* **Your objective**
The finished copy should match every record exactly and contain no pictures.
### Data shown ###
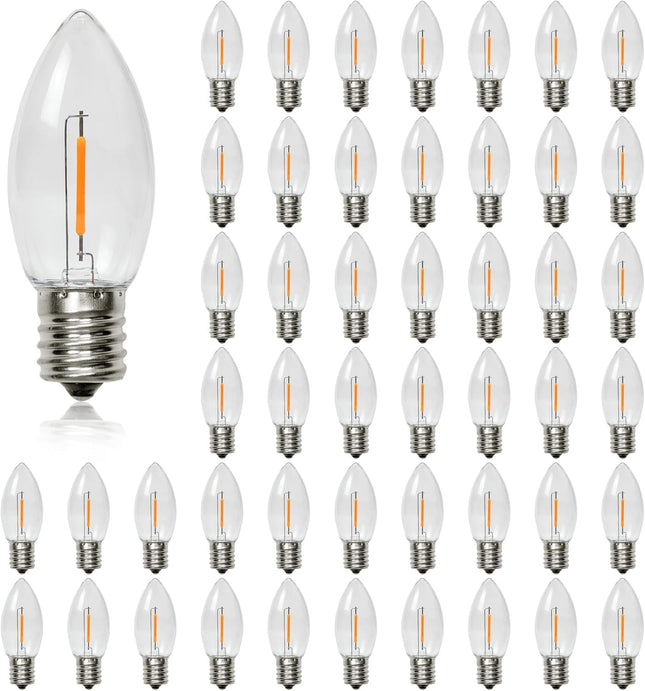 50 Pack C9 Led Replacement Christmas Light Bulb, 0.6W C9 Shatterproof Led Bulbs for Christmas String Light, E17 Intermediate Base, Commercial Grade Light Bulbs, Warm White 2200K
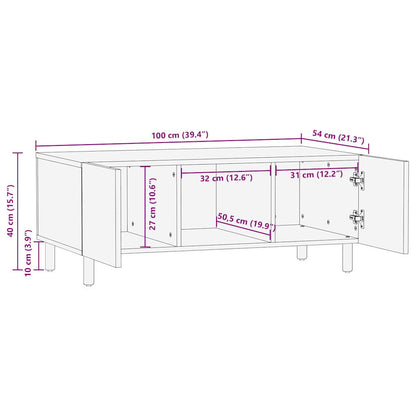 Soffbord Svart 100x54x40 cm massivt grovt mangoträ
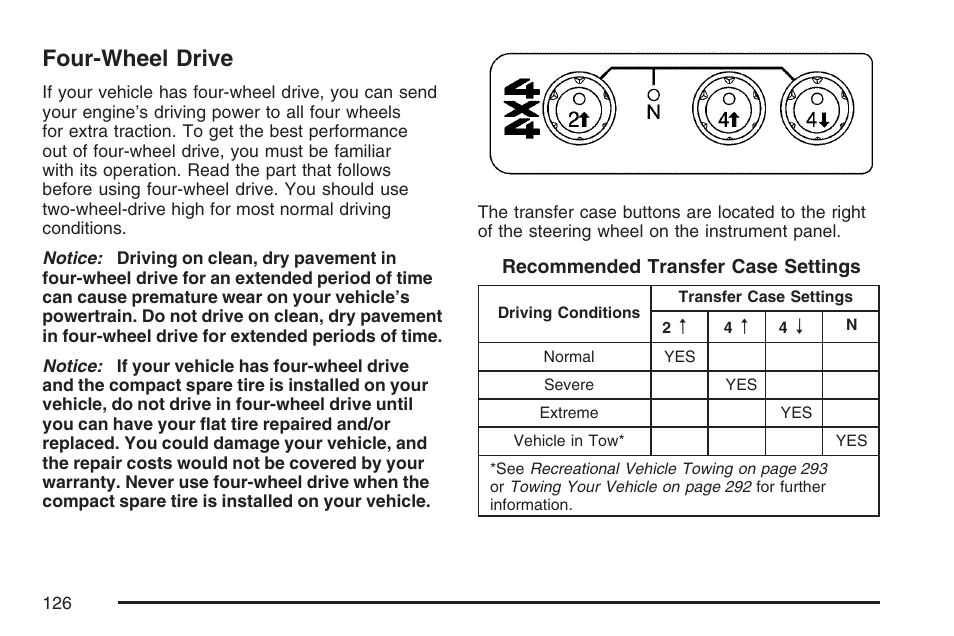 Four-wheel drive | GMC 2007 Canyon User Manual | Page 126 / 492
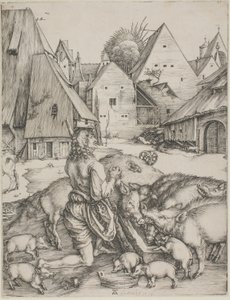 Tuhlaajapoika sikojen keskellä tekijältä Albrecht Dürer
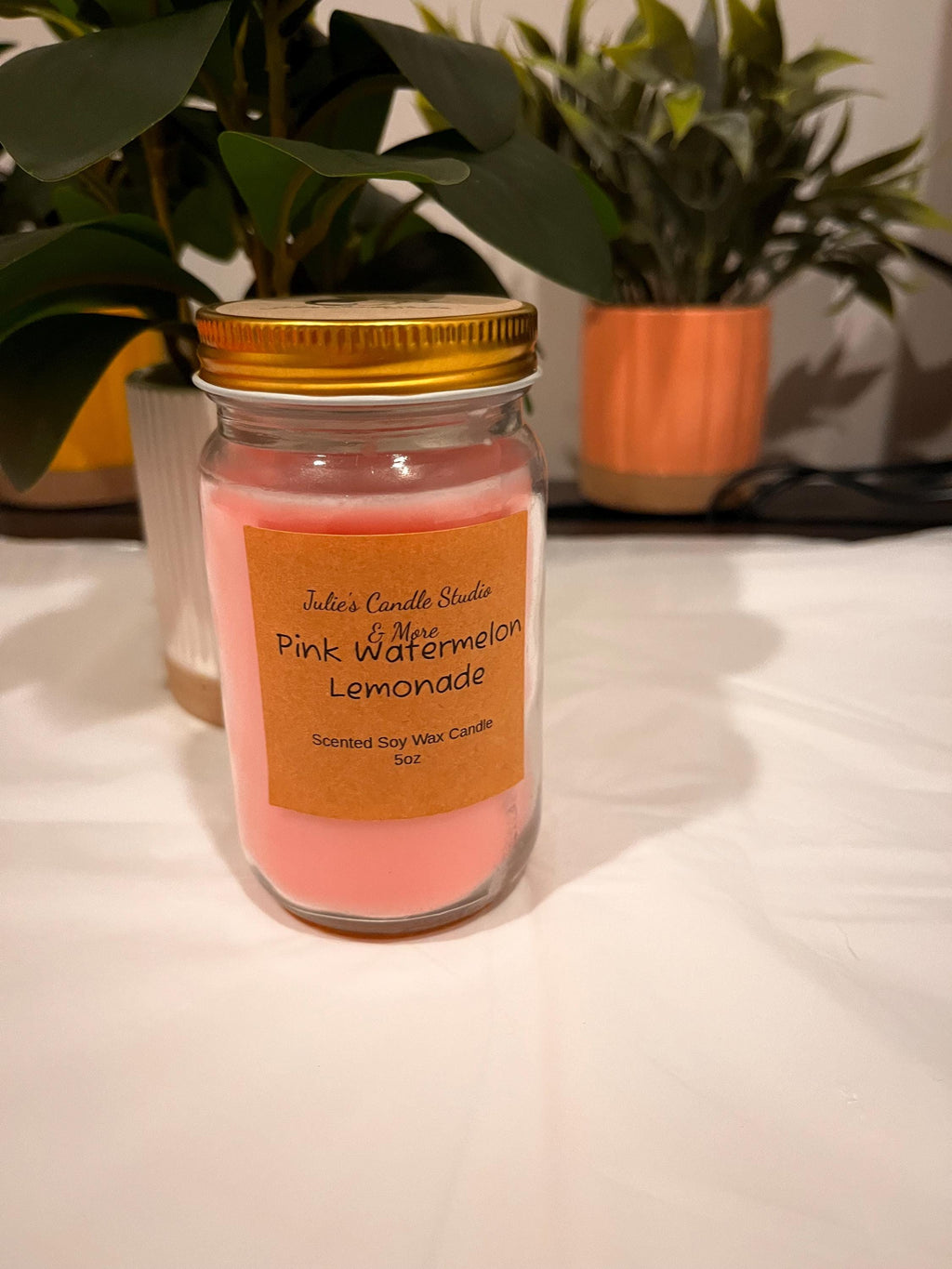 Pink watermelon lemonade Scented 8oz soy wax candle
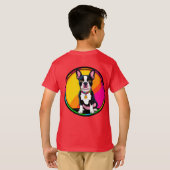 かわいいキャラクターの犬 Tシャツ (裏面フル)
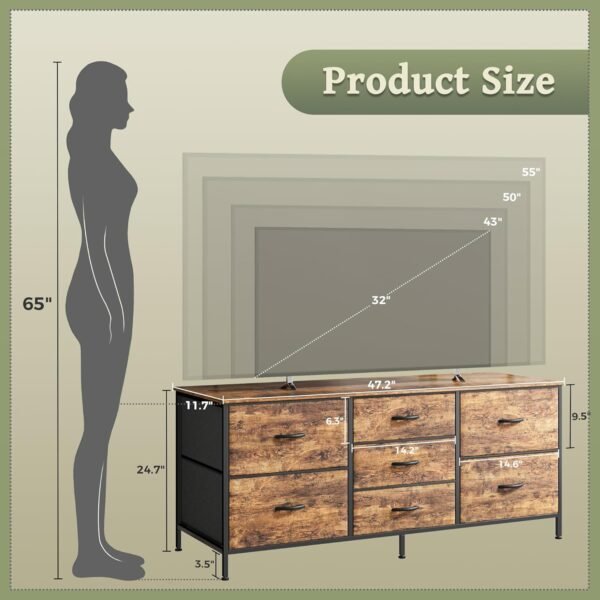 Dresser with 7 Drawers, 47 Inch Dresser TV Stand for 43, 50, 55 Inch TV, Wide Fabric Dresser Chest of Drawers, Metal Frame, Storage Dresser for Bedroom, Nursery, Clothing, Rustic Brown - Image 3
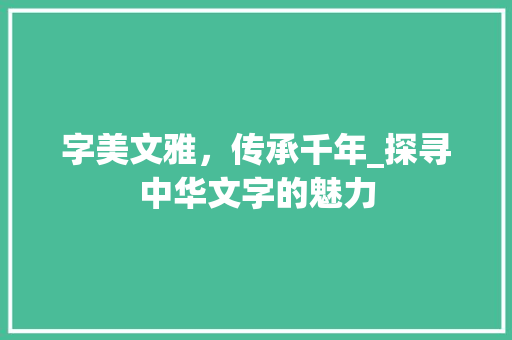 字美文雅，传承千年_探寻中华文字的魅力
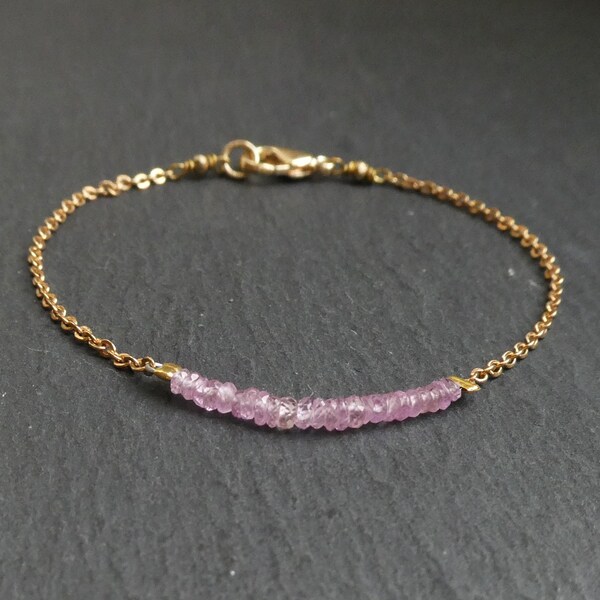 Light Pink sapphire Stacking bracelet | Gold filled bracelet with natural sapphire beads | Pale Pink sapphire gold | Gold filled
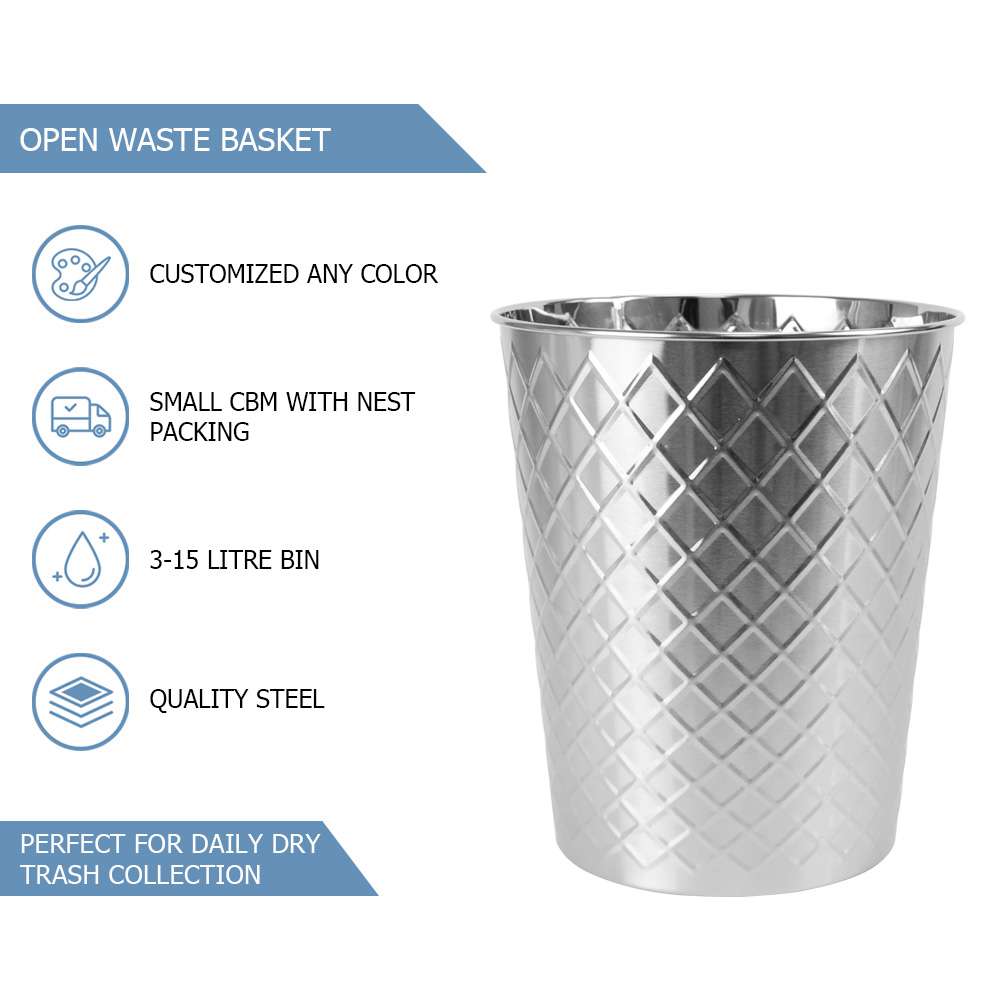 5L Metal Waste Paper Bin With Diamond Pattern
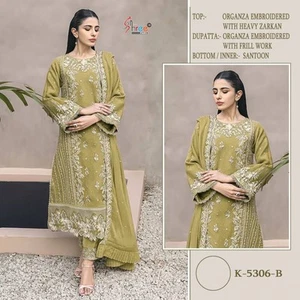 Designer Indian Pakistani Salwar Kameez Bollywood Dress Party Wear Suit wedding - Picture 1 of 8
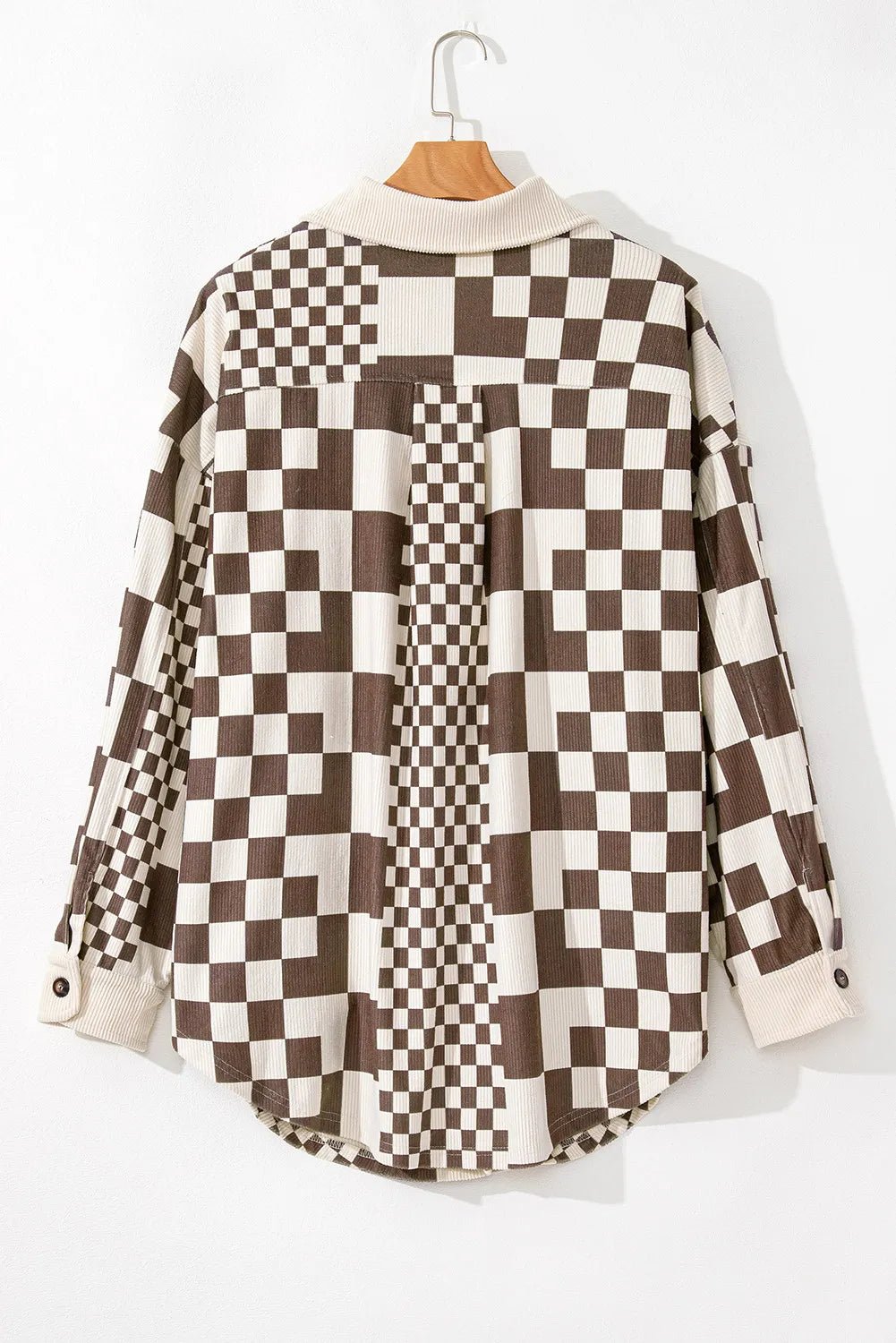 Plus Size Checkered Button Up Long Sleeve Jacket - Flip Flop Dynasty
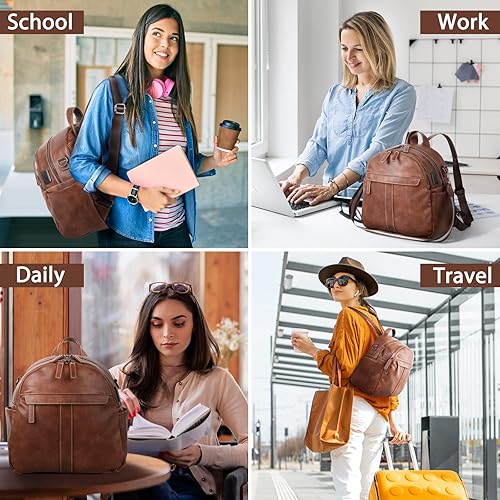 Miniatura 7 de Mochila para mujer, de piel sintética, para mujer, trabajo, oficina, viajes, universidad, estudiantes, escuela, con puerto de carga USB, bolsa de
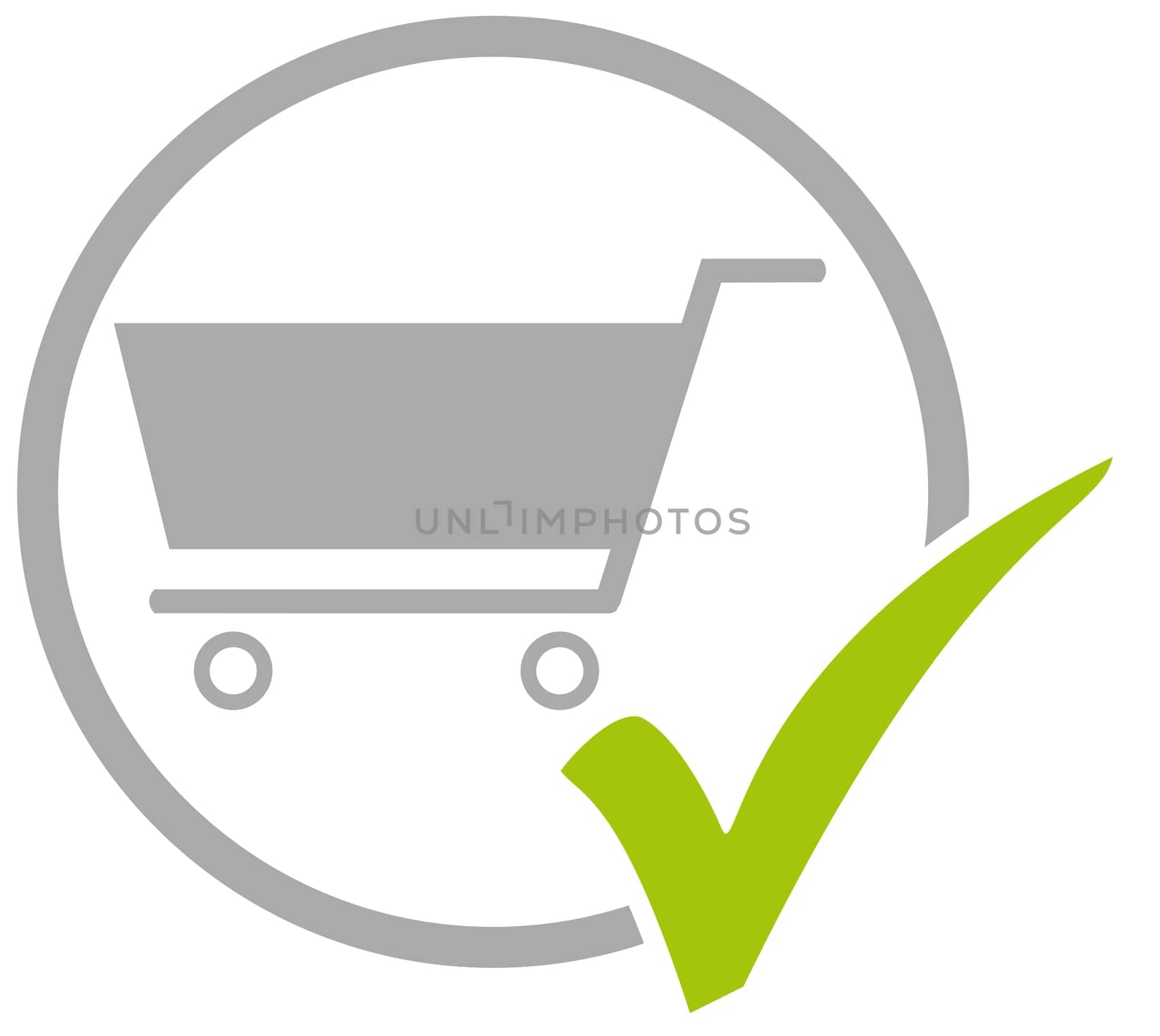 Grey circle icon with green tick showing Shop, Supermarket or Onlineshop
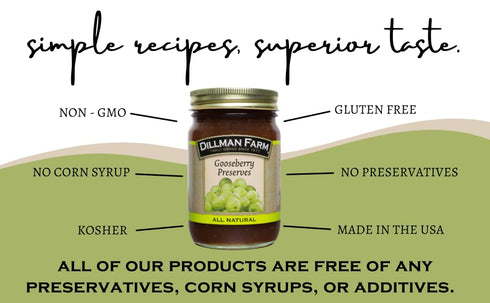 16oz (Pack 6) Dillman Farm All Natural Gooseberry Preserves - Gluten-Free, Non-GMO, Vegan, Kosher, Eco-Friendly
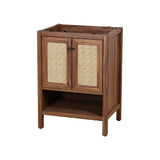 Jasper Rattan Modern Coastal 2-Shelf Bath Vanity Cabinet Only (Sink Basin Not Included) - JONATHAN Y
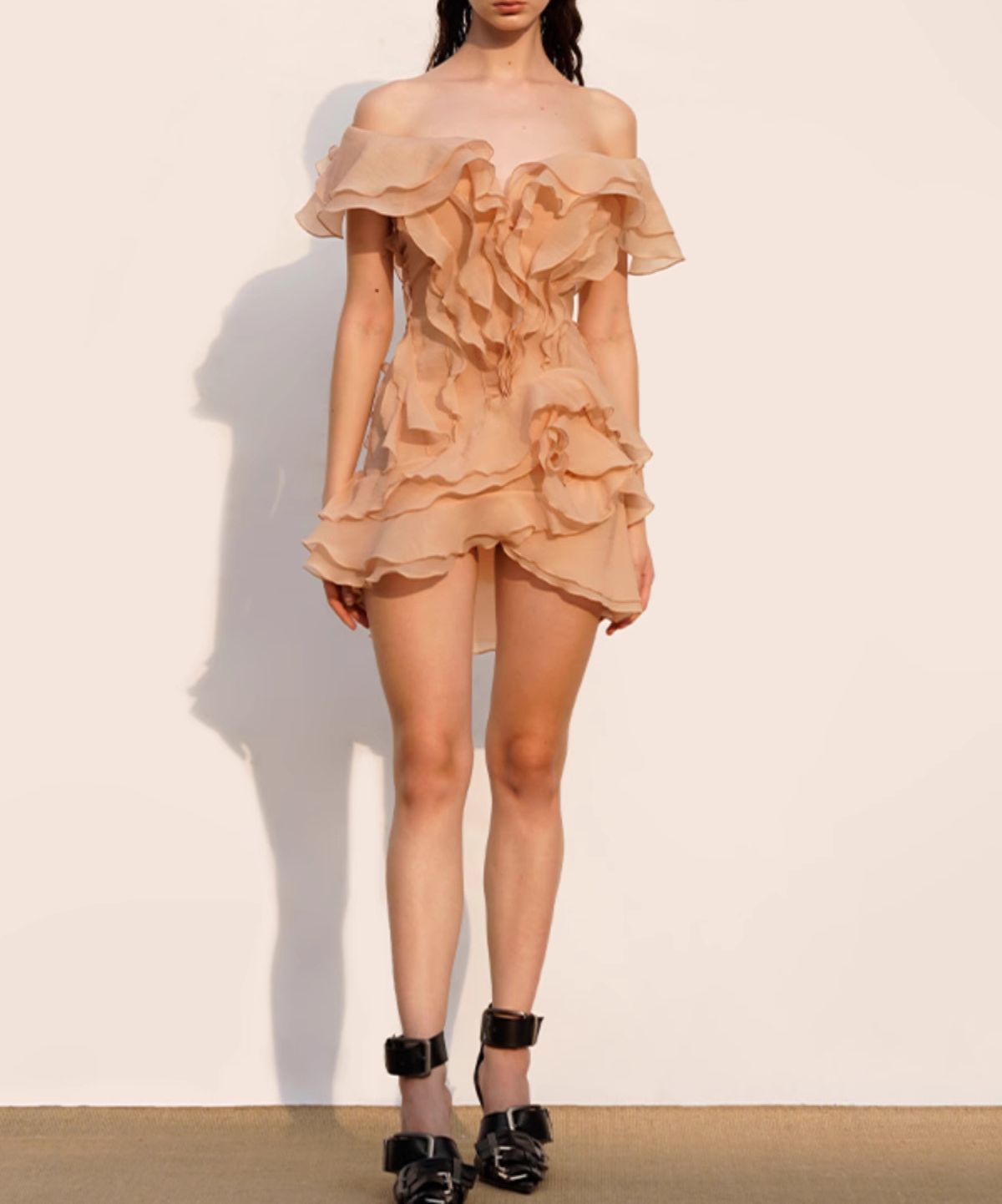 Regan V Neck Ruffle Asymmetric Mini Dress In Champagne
###
* **Answer for the task**
 50 Pack C9 Led Replacement Christmas Light Bulb, 0.6W C9 Shatterproof Led Bulbs for Christmas String Light, E17 Intermediate Base, Commercial Grade Light Bulbs, Warm White 2200K
 Soffbord Svart 100x54x40 cm massivt grovt mangoträ
 Four-wheel drive | GMC 2007 Canyon User Manual | Page 126 / 492
 Tuhlaajapoika sikojen keskellä tekijältä Albrecht Dürer
 Pink watermelon lemonade Scented 8oz soy wax candle
 かわいいキャラクターの犬 Tシャツ (裏面フル)
 Dresser with 7 Drawers, 47 Inch Dresser TV Stand for 43, 50, 55 Inch TV, Wide Fabric Dresser Chest of Drawers, Metal Frame, Storage Dresser for Bedroom, Nursery, Clothing, Rustic Brown - Image 3
 字美文雅，传承千年_探寻中华文字的魅力
 Light Pink sapphire Stacking bracelet | Gold filled bracelet with natural sapphire beads | Pale Pink sapphire gold | Gold filled
 5L Metal Waste Paper Bin With Diamond Pattern
 Designer Indian Pakistani Salwar Kameez Bollywood Dress Party Wear Suit wedding - Picture 1 of 8
 Plus Size Checkered Button Up Long Sleeve Jacket - Flip Flop Dynasty
 Miniatura 7 de Mochila para mujer, de piel sintética, para mujer, trabajo, oficina, viajes, universidad, estudiantes, escuela, con puerto de carga USB, bolsa de
 Grey circle icon with green tick showing Shop, Supermarket or Onlineshop
 16oz (Pack 6) Dillman Farm All Natural Gooseberry Preserves - Gluten-Free, Non-GMO, Vegan, Kosher, Eco-Friendly
 Jasper Rattan Modern Coastal 2-Shelf Bath Vanity Cabinet Only (Sink Basin Not Included) - JONATHAN Y
 Regan V Neck Ruffle Asymmetric Mini Dress In Champagne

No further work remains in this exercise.